In the **Data Mapping** area, fill in the configuration parameters related to data mapping.
Click the **Retrieve from Server** button to get sample data from the PostgreSQL server.
Click the **Retrieve from Server** button to fetch sample data from the PostgreSQL server.
In the **Extract or Split from Columns** section, fill in the fields to extract or split from the message body. For example, split the `vValue` field into `vValue_0` and `vValue_1` using the split extractor, specifying `,` as the separator and `2` for the number.

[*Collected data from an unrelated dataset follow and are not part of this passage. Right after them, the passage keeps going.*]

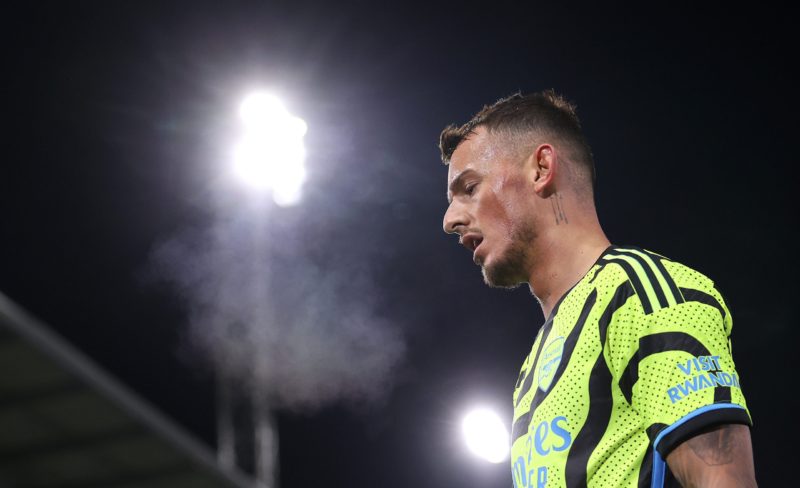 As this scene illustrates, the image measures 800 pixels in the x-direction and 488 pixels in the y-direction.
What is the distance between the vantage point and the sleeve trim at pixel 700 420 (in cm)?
152

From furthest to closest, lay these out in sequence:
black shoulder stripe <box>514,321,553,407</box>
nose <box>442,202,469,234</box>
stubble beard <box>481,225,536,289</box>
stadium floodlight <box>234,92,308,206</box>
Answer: stadium floodlight <box>234,92,308,206</box> < nose <box>442,202,469,234</box> < stubble beard <box>481,225,536,289</box> < black shoulder stripe <box>514,321,553,407</box>

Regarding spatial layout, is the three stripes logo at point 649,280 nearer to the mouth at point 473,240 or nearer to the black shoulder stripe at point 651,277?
the black shoulder stripe at point 651,277

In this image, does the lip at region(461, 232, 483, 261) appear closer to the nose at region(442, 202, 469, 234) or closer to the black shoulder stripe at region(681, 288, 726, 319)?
the nose at region(442, 202, 469, 234)

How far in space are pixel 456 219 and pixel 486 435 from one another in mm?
7012

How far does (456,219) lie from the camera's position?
2.31m

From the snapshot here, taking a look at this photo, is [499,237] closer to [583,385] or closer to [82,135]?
A: [583,385]

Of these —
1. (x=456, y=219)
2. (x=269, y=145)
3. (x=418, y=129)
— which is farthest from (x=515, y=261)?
(x=418, y=129)

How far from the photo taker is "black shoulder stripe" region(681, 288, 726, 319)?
66.5 inches

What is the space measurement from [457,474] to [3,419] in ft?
18.2

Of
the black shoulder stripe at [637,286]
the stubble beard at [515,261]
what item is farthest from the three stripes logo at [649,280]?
the stubble beard at [515,261]

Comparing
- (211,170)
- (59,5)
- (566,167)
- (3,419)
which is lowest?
(566,167)

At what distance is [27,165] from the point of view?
963cm

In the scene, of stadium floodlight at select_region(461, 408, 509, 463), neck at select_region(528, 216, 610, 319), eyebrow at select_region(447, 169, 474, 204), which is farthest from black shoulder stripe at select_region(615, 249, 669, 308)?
stadium floodlight at select_region(461, 408, 509, 463)

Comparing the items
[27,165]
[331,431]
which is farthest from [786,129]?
→ [27,165] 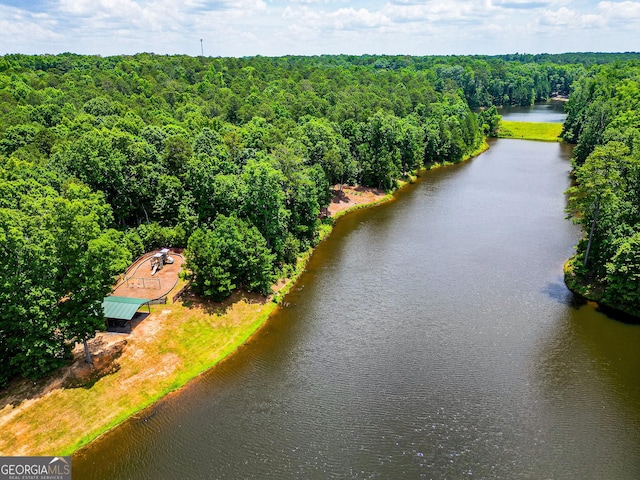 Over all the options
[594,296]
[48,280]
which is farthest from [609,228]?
[48,280]

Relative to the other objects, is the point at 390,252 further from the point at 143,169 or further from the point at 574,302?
the point at 143,169

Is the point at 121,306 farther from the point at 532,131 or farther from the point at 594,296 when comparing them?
the point at 532,131

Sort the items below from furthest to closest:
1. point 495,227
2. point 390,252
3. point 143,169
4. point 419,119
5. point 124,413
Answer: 1. point 419,119
2. point 495,227
3. point 390,252
4. point 143,169
5. point 124,413

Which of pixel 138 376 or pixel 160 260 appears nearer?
pixel 138 376

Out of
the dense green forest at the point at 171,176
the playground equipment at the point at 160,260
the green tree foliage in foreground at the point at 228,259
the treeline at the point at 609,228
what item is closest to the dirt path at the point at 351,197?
the dense green forest at the point at 171,176

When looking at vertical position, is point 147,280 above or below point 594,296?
above

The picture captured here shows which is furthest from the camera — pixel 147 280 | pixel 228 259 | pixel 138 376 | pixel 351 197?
pixel 351 197

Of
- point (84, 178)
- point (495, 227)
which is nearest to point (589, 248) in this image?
point (495, 227)

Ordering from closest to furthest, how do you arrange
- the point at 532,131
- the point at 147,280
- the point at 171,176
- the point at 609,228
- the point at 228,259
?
the point at 228,259, the point at 609,228, the point at 147,280, the point at 171,176, the point at 532,131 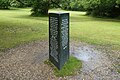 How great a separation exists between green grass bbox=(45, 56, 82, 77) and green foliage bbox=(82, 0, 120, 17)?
70.2 feet

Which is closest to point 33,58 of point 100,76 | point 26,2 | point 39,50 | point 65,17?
point 39,50

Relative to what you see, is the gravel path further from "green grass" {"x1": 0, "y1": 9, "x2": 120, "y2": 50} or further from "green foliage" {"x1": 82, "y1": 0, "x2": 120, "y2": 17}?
"green foliage" {"x1": 82, "y1": 0, "x2": 120, "y2": 17}

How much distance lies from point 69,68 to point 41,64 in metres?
0.94

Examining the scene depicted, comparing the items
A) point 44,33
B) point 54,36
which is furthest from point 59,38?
point 44,33

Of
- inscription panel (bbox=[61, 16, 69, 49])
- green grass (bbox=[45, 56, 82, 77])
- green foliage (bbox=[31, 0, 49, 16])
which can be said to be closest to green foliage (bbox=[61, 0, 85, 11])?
green foliage (bbox=[31, 0, 49, 16])

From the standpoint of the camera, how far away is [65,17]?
7.99 meters

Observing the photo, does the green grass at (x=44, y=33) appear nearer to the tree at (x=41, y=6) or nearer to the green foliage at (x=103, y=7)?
the green foliage at (x=103, y=7)

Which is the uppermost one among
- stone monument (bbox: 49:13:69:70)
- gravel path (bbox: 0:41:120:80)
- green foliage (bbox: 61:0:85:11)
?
stone monument (bbox: 49:13:69:70)

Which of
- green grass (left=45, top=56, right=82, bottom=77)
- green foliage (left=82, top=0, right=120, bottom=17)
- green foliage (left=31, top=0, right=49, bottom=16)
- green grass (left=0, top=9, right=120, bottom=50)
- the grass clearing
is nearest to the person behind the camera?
green grass (left=45, top=56, right=82, bottom=77)

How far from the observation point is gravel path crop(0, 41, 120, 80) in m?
7.38

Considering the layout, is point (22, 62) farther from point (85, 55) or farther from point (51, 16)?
point (85, 55)

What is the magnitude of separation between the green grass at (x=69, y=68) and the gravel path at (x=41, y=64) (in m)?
0.15

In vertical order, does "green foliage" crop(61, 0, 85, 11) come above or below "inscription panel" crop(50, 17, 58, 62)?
below

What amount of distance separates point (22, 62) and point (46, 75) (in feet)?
5.18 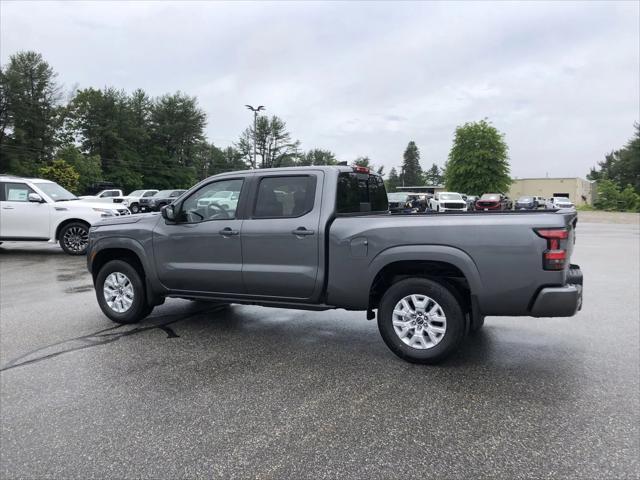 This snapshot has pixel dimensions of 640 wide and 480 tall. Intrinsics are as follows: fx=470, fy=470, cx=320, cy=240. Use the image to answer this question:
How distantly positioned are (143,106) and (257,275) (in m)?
73.2

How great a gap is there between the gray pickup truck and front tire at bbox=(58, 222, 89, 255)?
688 cm

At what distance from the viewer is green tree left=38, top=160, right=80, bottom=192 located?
41.9 m

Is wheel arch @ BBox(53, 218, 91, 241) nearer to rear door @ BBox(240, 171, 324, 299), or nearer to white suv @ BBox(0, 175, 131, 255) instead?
white suv @ BBox(0, 175, 131, 255)

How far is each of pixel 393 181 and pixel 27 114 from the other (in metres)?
114

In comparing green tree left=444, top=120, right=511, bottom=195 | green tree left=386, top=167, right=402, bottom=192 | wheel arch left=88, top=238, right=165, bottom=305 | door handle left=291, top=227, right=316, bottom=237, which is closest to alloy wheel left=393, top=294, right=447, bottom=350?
door handle left=291, top=227, right=316, bottom=237

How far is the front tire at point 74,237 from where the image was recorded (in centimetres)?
1191

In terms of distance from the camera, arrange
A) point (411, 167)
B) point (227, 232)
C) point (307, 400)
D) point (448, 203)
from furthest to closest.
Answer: point (411, 167) → point (448, 203) → point (227, 232) → point (307, 400)

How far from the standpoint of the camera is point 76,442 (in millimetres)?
3025

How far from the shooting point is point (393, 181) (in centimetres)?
15000

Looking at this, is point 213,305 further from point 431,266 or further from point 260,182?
point 431,266

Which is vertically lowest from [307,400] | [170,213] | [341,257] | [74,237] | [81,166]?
[307,400]

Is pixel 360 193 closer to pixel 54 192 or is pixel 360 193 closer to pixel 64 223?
pixel 64 223

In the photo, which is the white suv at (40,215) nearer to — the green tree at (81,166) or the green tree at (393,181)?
the green tree at (81,166)

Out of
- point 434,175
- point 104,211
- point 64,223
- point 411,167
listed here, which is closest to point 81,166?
point 64,223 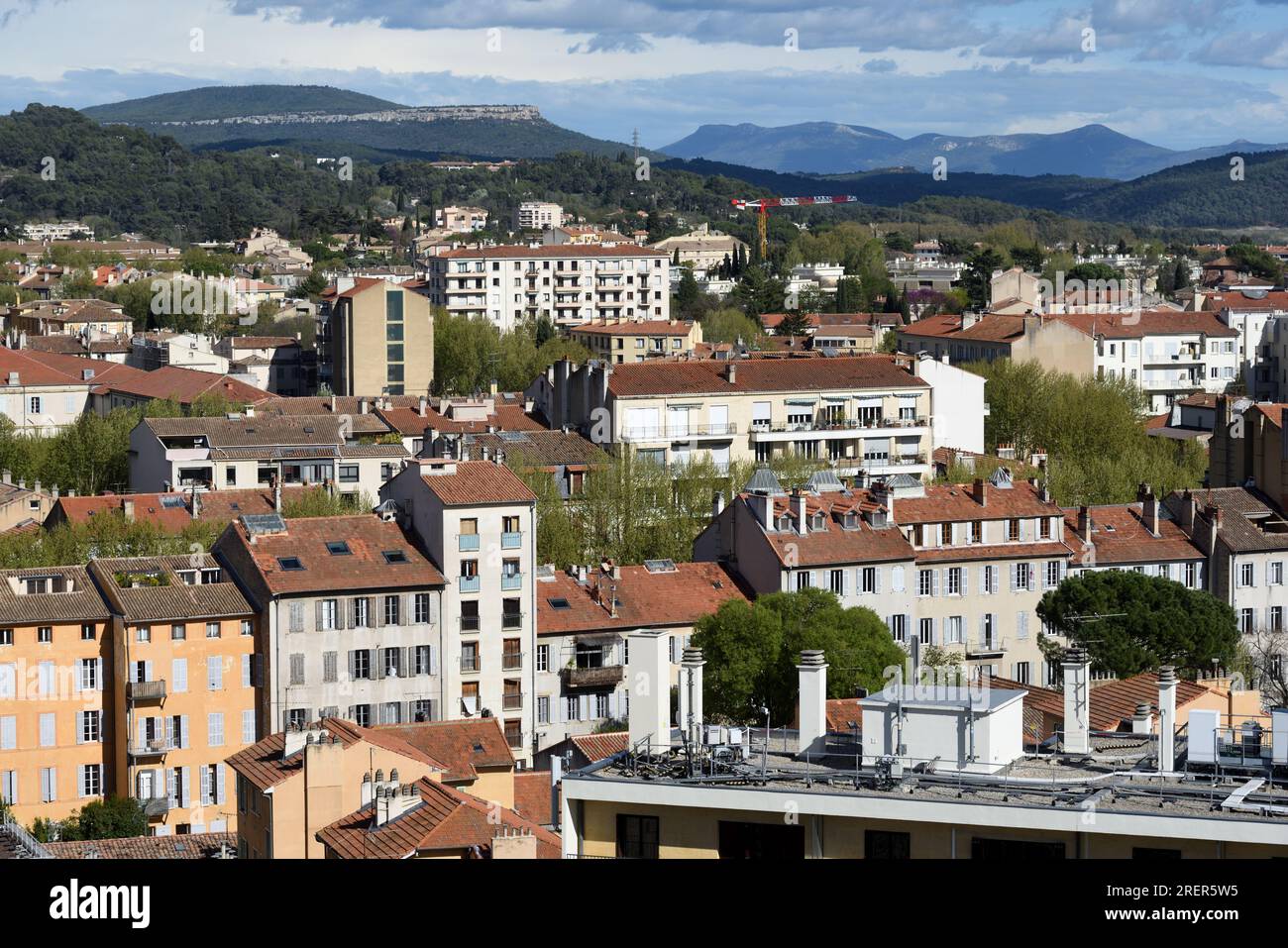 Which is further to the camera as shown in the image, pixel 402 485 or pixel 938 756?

In **Extract or Split from Column**, fill in the fields to extract or split from the message body, for example: split the `vValue` field into `vValue_0` and `vValue_1`, select the split extractor, fill in the separator `,`, and number `2`.
In the **Filtering** section, enter filtering conditions; for example, entering `Value > 0` means that only data where Value is greater than 0 will be written to TDengine.
In **Filter**, fill in the filtering conditions, for example: write `Value > 0`, then only data where Value is greater than 0 will be written to TDengine.
In the **Mapping** section, select the supertable to map to TDengine and specify the columns to map to the supertable.
In **Mapping**, select the supertable in TDengine to map to, and the columns to map to the supertable.
Click **Preview** to view the mapping results.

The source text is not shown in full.